TASK REQUIREMENTS:
Write out each record in full and exactly as given. Skip any pictures.

SUPPLIED DATA:
>>>>

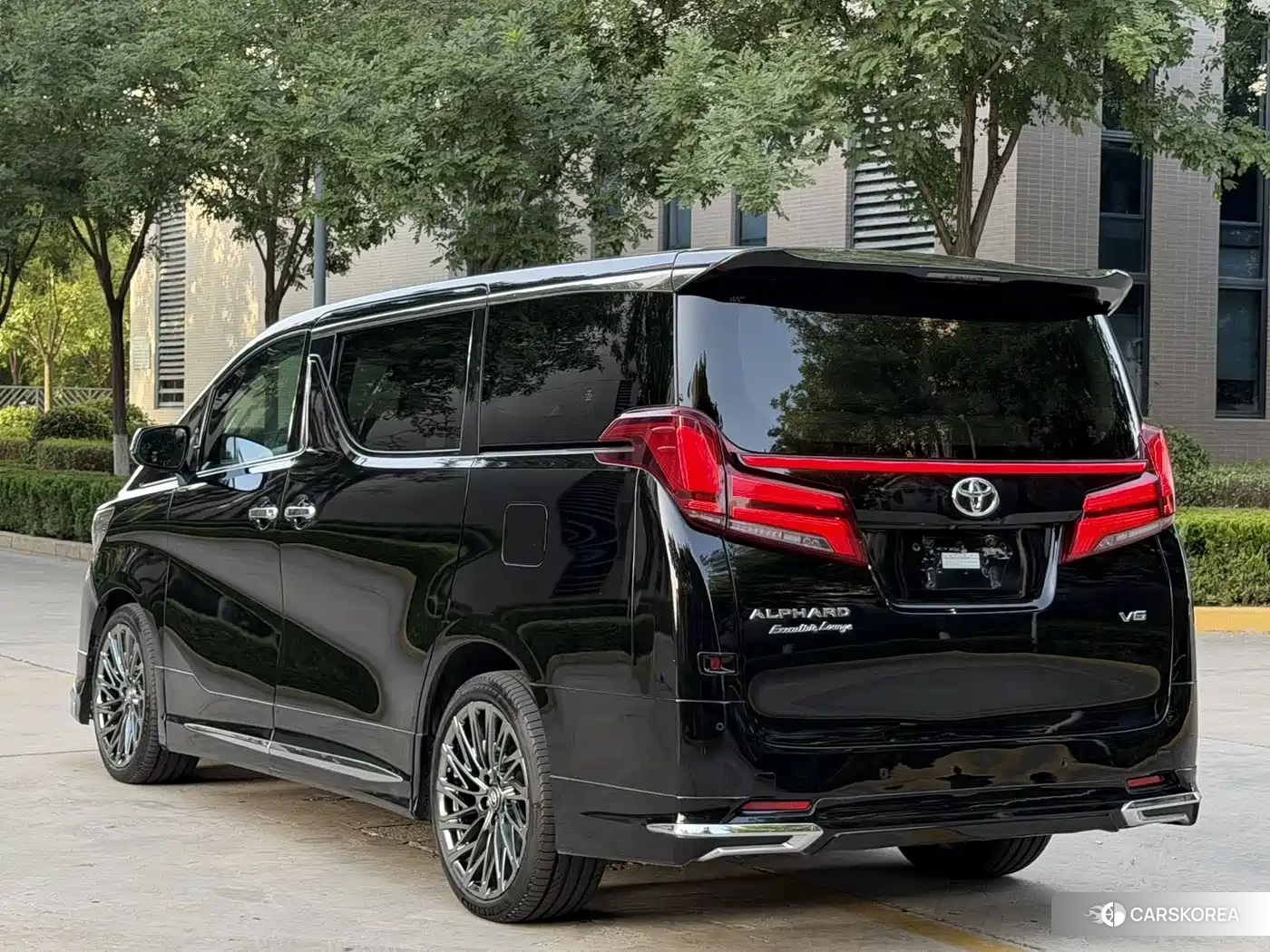 Toyota Elfa id 4628295 из Китая 13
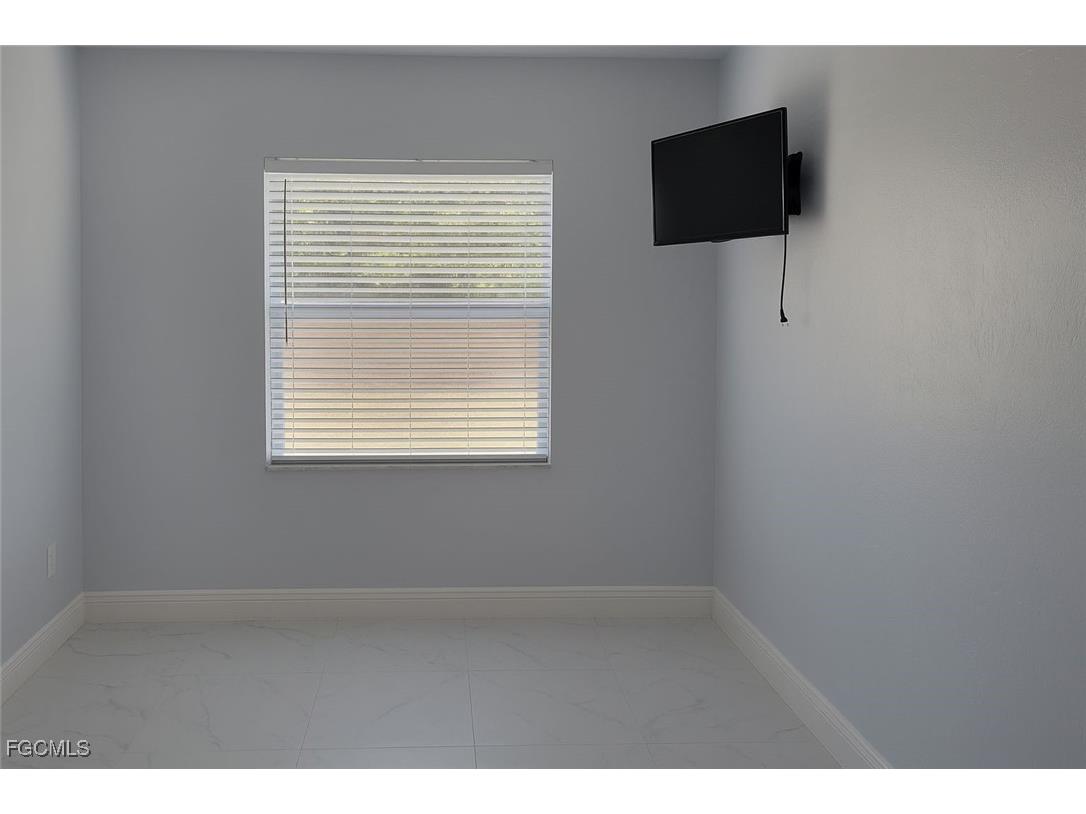 818 Albert Avenue Lehigh Acres FL 33971 2025019874 image5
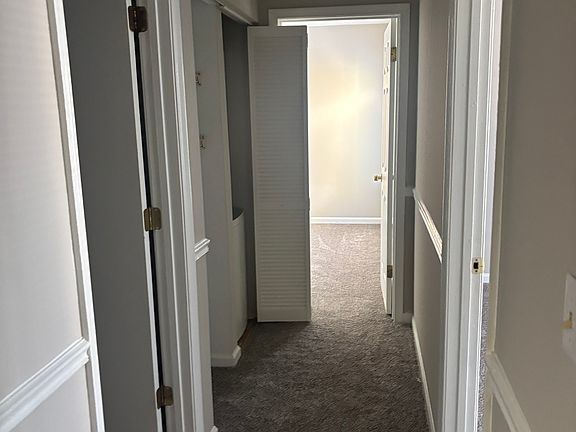 5th image of 90 Wells Ct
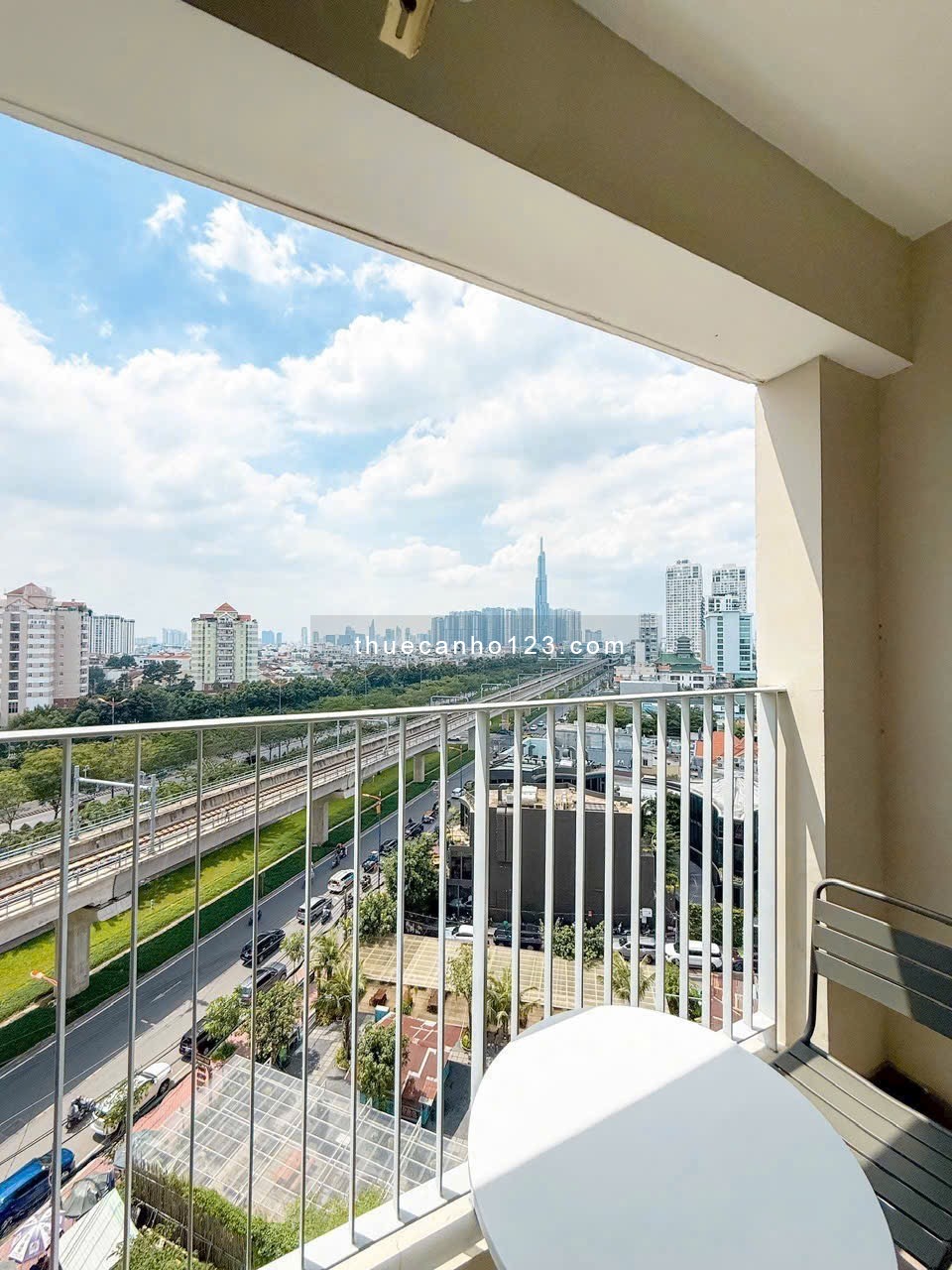 Cho thuê căn hộ Masteri Thảo Điền, 2 PN, view mát đầy đủ nội thất nhà đẹp giá chỉ 20 triệu / tháng - Ảnh 4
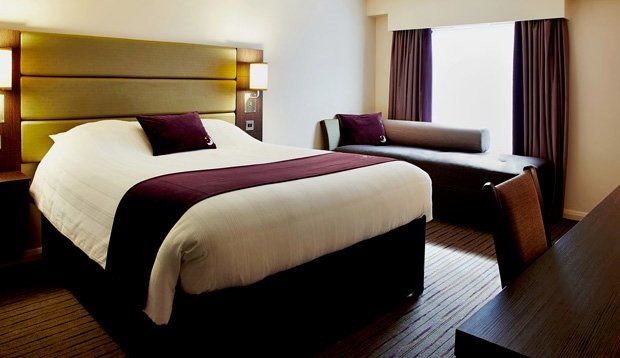 Premier Inn Watford Central エクステリア 写真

<<<<

RESPONSE TO THE EXERCISE:
 Toyota Elfa id 4628295 из Китая 13
 818 Albert Avenue Lehigh Acres FL 33971 2025019874 image5
 5th image of 90 Wells Ct
 Cho thuê căn hộ Masteri Thảo Điền, 2 PN, view mát đầy đủ nội thất nhà đẹp giá chỉ 20 triệu / tháng - Ảnh 4
 Premier Inn Watford Central エクステリア 写真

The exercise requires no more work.